[What is required]: From the line containing "Shop Burberry Sunglasses In 409213 Beige" to the last line of the listing, both included, copy every line exactly and drop the pictures.

[Information shown]:
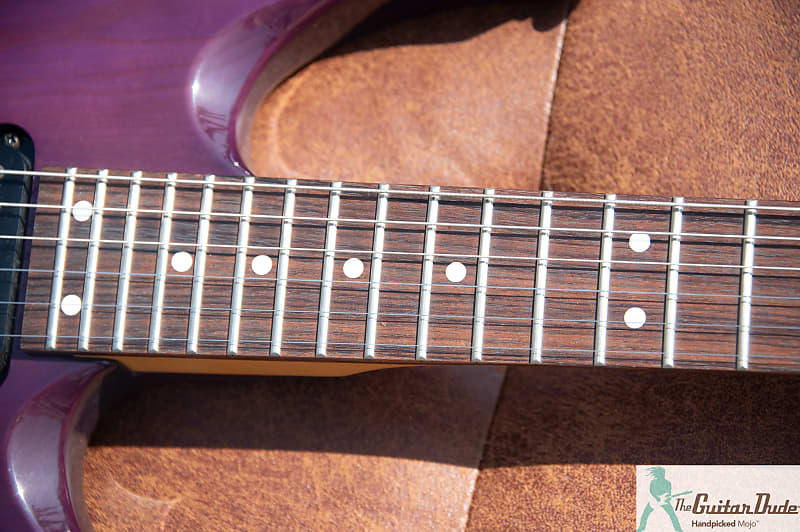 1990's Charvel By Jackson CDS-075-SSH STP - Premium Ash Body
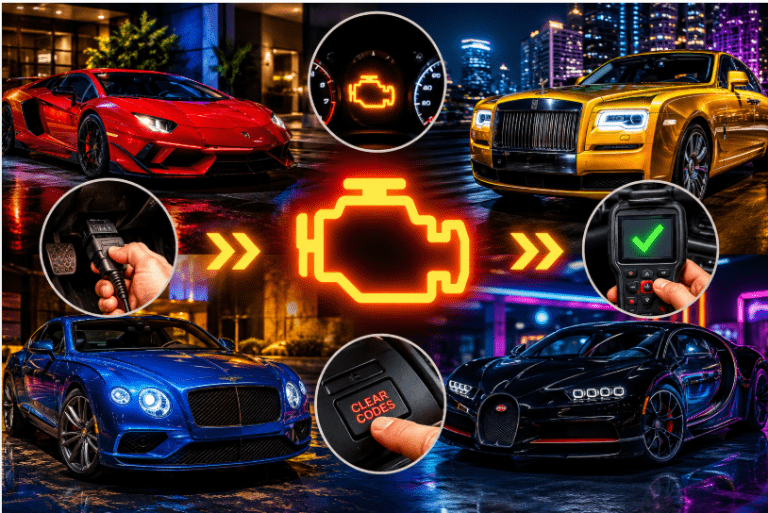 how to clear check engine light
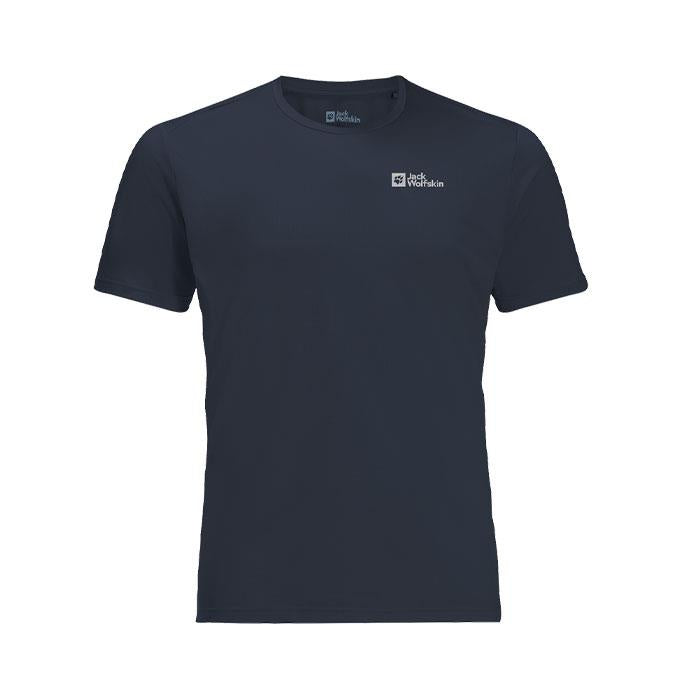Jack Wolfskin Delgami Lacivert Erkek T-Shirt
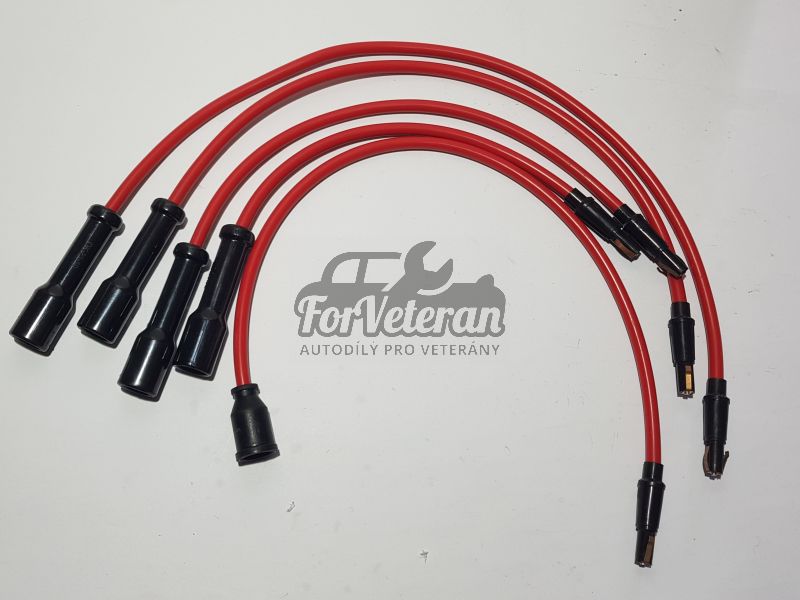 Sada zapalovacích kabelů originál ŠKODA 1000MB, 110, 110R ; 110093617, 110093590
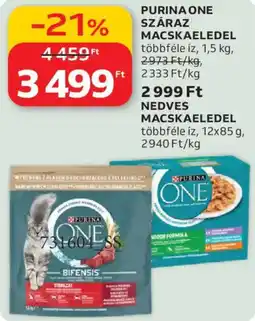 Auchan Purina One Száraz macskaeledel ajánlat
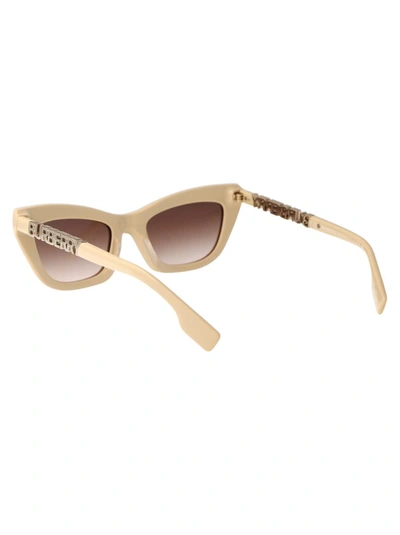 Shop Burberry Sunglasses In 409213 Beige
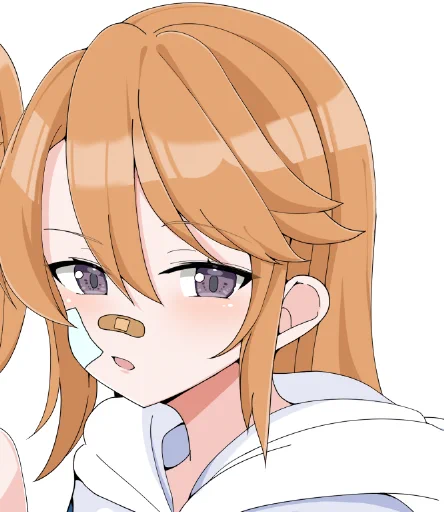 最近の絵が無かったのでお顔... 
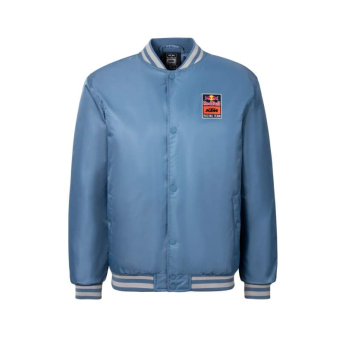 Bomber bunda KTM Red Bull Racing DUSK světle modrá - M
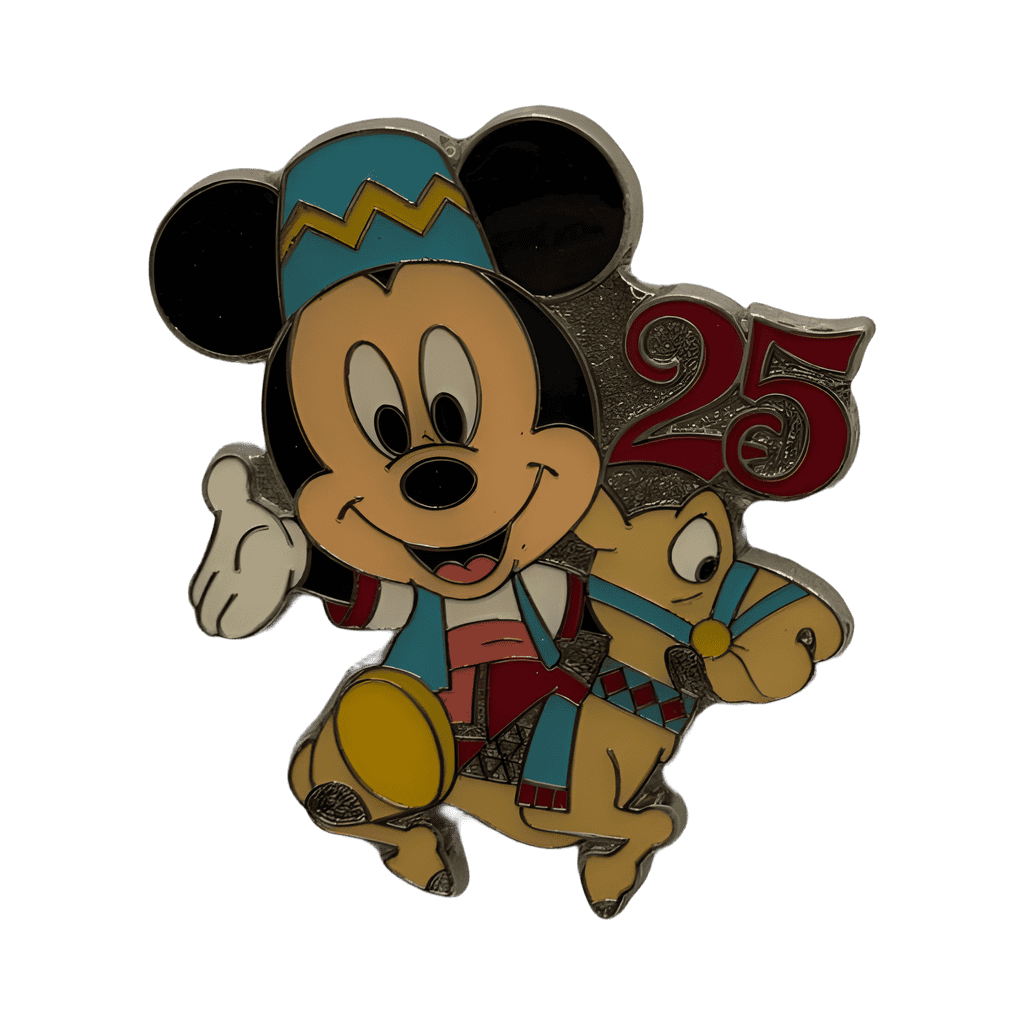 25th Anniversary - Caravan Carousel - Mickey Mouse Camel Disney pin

[Solution to this problem]:
 Shop Burberry Sunglasses In 409213 Beige
 最近の絵が無かったのでお顔... 
 Bomber bunda KTM Red Bull Racing DUSK světle modrá - M
 25th Anniversary - Caravan Carousel - Mickey Mouse Camel Disney pin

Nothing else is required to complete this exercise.